The one I got has what looks to be a pressed wood base and top painted green. Most seem to be made out of plastic. Maybe mine is an old version? 
Gotta keep digging to get this running.


----------



## Gary Armitstead (Jan 2, 2008)

I have a LGB Rigi Duo that I purchased NEW from San-Val in early 1986. Battery operated. I have it tucked away in a bedroom closet. I'll dig it out today and see if it has instructions. If it does, I will scan it for you.


----------



## chuck n (Jan 2, 2008)

Check with Axel at Train-li. He is selling a current version (s). He has both powered and unpowered. I ordered the hand cranked for my grandson for Christmas. He loves it, and Axel was a great help. 
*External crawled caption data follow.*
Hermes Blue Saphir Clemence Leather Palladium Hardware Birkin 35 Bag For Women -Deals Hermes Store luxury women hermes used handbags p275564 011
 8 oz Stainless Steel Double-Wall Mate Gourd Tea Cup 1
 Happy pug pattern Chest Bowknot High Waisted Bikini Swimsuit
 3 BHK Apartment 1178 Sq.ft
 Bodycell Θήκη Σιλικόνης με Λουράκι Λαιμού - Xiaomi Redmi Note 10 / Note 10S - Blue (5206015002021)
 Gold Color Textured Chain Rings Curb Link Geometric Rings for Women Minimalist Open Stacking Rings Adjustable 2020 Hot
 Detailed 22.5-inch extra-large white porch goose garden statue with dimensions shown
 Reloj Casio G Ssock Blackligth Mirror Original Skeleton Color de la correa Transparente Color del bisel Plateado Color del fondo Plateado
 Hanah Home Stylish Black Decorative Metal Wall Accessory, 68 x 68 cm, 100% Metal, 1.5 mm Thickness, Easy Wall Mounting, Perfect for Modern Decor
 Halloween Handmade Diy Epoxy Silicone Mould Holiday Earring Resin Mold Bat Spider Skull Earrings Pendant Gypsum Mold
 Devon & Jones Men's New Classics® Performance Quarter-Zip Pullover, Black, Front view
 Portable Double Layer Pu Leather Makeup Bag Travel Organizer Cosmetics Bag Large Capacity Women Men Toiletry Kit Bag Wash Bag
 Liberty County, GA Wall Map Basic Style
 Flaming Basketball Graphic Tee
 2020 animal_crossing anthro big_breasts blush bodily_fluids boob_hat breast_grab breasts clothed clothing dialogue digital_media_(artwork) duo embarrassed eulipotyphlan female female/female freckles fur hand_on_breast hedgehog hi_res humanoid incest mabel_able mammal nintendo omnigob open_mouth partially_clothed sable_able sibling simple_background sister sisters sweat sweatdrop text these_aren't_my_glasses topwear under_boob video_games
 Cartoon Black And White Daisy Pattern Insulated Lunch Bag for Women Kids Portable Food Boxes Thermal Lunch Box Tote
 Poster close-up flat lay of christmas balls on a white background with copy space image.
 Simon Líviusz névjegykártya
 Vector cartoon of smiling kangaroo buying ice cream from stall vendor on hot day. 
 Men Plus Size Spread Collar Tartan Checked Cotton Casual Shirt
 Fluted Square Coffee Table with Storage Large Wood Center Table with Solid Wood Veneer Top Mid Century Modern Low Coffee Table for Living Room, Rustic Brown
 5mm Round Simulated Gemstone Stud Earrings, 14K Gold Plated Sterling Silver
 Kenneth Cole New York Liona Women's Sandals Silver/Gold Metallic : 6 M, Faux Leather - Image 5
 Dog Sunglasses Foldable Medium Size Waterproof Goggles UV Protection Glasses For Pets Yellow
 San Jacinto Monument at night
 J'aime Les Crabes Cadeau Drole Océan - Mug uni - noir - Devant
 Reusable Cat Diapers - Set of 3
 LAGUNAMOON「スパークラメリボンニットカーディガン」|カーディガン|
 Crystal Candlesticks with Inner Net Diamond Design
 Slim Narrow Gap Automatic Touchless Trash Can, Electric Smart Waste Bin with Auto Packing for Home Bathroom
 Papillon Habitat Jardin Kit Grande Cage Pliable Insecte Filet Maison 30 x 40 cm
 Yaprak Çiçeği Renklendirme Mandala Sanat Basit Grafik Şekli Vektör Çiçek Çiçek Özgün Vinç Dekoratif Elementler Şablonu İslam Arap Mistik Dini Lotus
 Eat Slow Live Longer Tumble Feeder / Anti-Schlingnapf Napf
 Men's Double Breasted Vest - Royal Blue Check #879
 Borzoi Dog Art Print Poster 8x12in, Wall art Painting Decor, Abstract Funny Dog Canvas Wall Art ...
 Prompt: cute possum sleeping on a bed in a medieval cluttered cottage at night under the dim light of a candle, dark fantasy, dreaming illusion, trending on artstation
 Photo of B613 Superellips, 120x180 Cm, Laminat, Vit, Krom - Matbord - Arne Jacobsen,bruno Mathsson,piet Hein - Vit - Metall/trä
Axel (Train-Li) is a sponsor here at MLS. Find his logo and click on it for contact information.


Chuck 


He is located near you (probably a couple of hours drive), Upton, Ma.


----------



## Axel Tillmann (Jan 10, 2008)

Her are a few helpful hints and suggestions for further improvements:


Send me an email so I can send you the PDF for our gondola and most of the information applies to your Rigi as well. ([email protected])

Very important is the 45 degree setup as illustrated









Here some additional hintys:

As far as the length of the tramline. You can buy regular cord of the same thickness and untie first the two knots in one of the two gondolas an then pull the line completely out and replace it with a longer line.

However, with that said, unlike the prototype the gondola use only one rope as the pull and carrier solution. So the longer the rope the more sagging you have in the line. If you stretch it out you will now put more burden on the base station in term of rope friction and motor load, which can impact the longevity of the installation.

If you are looking for a permanent installation then I suggest an alternative:

Install into each arm 8 – 12 pulleys. Now you can mount yourself a solid base and mountain station (both should at least have concreted back walls that are sturdy enough to hold four music wires of the correct length. I suggest a threaded bolt per each wire on one end and 4 hooks on the other. This way the threaded bolt allows you to tensioning the carrier ropes. Now you can make yourself the appropriate pull rope and mount the gondolas on the carrier wire (maybe a little weight into the cabin).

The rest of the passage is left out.